- RAW DATA -
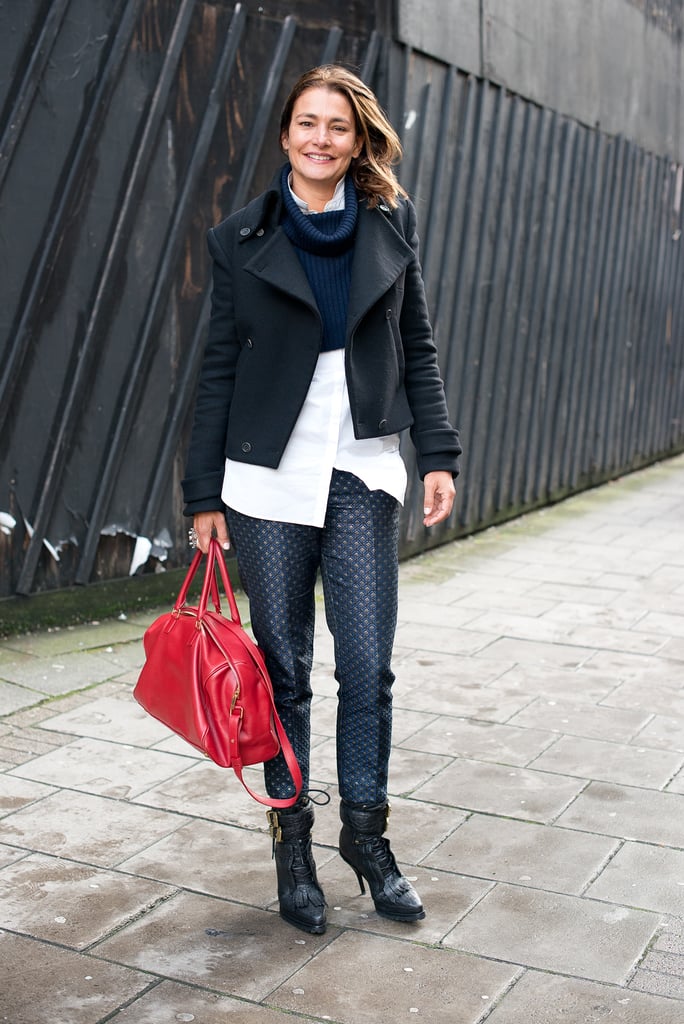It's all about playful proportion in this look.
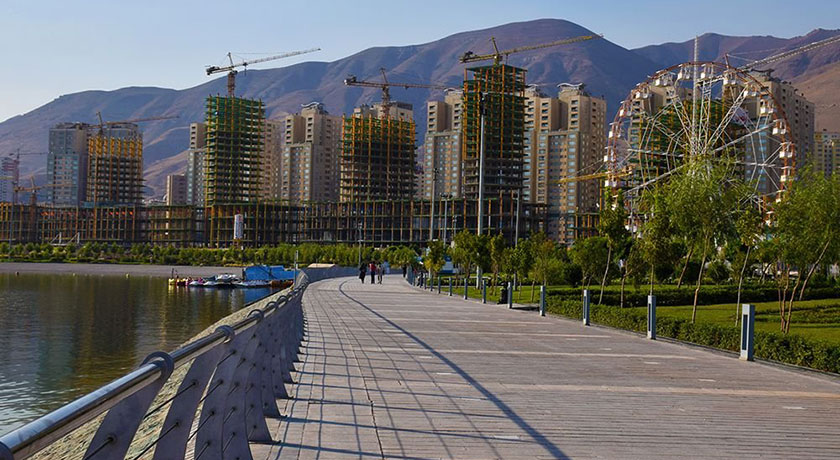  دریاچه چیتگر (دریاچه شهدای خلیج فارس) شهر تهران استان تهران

==

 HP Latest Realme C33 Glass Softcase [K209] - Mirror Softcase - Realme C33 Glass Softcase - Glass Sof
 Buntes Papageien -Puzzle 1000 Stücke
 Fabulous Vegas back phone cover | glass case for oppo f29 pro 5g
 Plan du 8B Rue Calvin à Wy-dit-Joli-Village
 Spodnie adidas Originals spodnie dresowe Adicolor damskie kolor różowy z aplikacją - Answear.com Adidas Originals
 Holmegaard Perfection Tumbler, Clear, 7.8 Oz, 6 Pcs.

- WHAT IS REQUIRED -
Your reply is to be an exact repeat of the listing above from the line holding "It's all about" down to the line holding "دریاچه چیتگر (دریاچه", ends included, pictures excluded.

- EXERCISE ANSWER -
It's all about playful proportion in this look.
  دریاچه چیتگر (دریاچه شهدای خلیج فارس) شهر تهران استان تهران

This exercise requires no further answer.